Short text fragments from websites:
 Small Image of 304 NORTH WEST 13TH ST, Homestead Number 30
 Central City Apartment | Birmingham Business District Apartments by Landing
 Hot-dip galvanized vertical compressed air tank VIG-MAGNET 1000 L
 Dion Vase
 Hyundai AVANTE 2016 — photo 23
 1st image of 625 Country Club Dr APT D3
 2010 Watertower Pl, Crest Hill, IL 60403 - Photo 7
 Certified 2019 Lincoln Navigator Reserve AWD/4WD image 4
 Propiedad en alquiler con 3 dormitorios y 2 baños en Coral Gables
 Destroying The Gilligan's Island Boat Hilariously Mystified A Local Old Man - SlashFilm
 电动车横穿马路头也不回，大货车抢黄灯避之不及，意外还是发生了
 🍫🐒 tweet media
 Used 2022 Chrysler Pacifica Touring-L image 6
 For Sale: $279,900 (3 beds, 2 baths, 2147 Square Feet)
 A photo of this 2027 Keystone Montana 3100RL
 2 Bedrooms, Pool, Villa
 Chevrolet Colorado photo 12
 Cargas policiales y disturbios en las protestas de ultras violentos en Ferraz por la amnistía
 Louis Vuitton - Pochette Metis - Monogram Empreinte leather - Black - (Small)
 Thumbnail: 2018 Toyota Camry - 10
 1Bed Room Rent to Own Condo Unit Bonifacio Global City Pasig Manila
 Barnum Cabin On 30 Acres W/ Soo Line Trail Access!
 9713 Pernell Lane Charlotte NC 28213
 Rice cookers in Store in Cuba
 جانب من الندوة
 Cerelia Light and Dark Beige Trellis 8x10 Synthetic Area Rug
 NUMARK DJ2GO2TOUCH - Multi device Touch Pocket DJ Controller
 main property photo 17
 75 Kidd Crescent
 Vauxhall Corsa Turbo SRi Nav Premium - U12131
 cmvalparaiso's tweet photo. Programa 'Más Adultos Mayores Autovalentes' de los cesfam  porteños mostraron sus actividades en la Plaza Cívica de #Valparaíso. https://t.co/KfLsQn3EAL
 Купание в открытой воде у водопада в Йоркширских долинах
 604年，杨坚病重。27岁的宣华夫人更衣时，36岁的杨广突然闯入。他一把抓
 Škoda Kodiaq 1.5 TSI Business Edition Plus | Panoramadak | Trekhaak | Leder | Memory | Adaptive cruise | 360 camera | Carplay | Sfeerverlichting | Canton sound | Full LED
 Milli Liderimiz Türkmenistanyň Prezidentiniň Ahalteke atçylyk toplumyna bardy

## Exercise instructions
Go through the data above and transcribe every entry exactly.

## Solution to this task
 Small Image of 304 NORTH WEST 13TH ST, Homestead Number 30
 Central City Apartment | Birmingham Business District Apartments by Landing
 Hot-dip galvanized vertical compressed air tank VIG-MAGNET 1000 L
 Dion Vase
 Hyundai AVANTE 2016 — photo 23
 1st image of 625 Country Club Dr APT D3
 2010 Watertower Pl, Crest Hill, IL 60403 - Photo 7
 Certified 2019 Lincoln Navigator Reserve AWD/4WD image 4
 Propiedad en alquiler con 3 dormitorios y 2 baños en Coral Gables
 Destroying The Gilligan's Island Boat Hilariously Mystified A Local Old Man - SlashFilm
 电动车横穿马路头也不回，大货车抢黄灯避之不及，意外还是发生了
 🍫🐒 tweet media
 Used 2022 Chrysler Pacifica Touring-L image 6
 For Sale: $279,900 (3 beds, 2 baths, 2147 Square Feet)
 A photo of this 2027 Keystone Montana 3100RL
 2 Bedrooms, Pool, Villa
 Chevrolet Colorado photo 12
 Cargas policiales y disturbios en las protestas de ultras violentos en Ferraz por la amnistía
 Louis Vuitton - Pochette Metis - Monogram Empreinte leather - Black - (Small)
 Thumbnail: 2018 Toyota Camry - 10
 1Bed Room Rent to Own Condo Unit Bonifacio Global City Pasig Manila
 Barnum Cabin On 30 Acres W/ Soo Line Trail Access!
 9713 Pernell Lane Charlotte NC 28213
 Rice cookers in Store in Cuba
 جانب من الندوة
 Cerelia Light and Dark Beige Trellis 8x10 Synthetic Area Rug
 NUMARK DJ2GO2TOUCH - Multi device Touch Pocket DJ Controller
 main property photo 17
 75 Kidd Crescent
 Vauxhall Corsa Turbo SRi Nav Premium - U12131
 cmvalparaiso's tweet photo. Programa 'Más Adultos Mayores Autovalentes' de los cesfam  porteños mostraron sus actividades en la Plaza Cívica de #Valparaíso. https://t.co/KfLsQn3EAL
 Купание в открытой воде у водопада в Йоркширских долинах
 604年，杨坚病重。27岁的宣华夫人更衣时，36岁的杨广突然闯入。他一把抓
 Škoda Kodiaq 1.5 TSI Business Edition Plus | Panoramadak | Trekhaak | Leder | Memory | Adaptive cruise | 360 camera | Carplay | Sfeerverlichting | Canton sound | Full LED
 Milli Liderimiz Türkmenistanyň Prezidentiniň Ahalteke atçylyk toplumyna bardy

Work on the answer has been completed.